Best upcoming Lego sets 2025: this year’s top new Lego releases
Prepare for a block party with these superb sets coming soon from Lego
![Lego upcoming Feb 2025](https://www.stuff.tv/wp-content/uploads/sites/2/2025/01/upcoming-lego-February-2024.jpg?w=1080)
When Lego founder Ole Kirk Kristiansen pivoted his business to plastic bricks, we wonder if he had any idea of the global phenomenon Lego would become. Today, there are many themes, for kids and adult collectors alike. It’s hard to keep track. So we’re doing it for you, with the Stuff guide to the best upcoming Lego sets.
Note: this list covers officially announced Lego sets.
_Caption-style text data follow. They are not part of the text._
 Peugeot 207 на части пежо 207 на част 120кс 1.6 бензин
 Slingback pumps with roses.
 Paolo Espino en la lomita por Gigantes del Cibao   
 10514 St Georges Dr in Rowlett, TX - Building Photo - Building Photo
There are no rumours, leaks, nor models the writer ham-fistedly pieced together from a pile of random bricks.
March 2025 lego sets
Buy these…
![Lego Nigel Mansell](https://www.stuff.tv/wp-content/uploads/sites/2/2024/12/lego-nigel-mansell.jpg?w=1024)
![Lego Ninjago City workshops](https://www.stuff.tv/wp-content/uploads/sites/2/2025/01/ninjago-city-workships.jpg?w=1024)
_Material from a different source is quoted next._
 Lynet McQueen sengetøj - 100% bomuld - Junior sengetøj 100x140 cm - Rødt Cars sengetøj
![Lego Evolution of STEM](https://www.stuff.tv/wp-content/uploads/sites/2/2025/01/the-evolution-of-stem.jpg?w=1024)
Williams Racing FW14B & Nigel Mansell ($79.99/£69.99 • 799 pieces): Our current favourite from approximately three billion F1 Lego sets speeding your way in 2025. This one features a little Lego Nigel Mansell with his little Lego moustache thinking there’s no way he’s going to get that 31cm long car around Silverstone when he can’t even see over the steering wheel.
Ninjago City Workshops ($249.99/£219.99 • 3242 pieces): If you’re a Lego city builder with a taste for the zany, Ninjago City delivers in spades. This latest entry in the series gives you an inverted corner with four-storey buildings packed with removable rooms, a working crane, and a chunky mech to speed along remaining building work. It’s modular-compatible too, although may look a mite weird plonked next to Tudor Corner.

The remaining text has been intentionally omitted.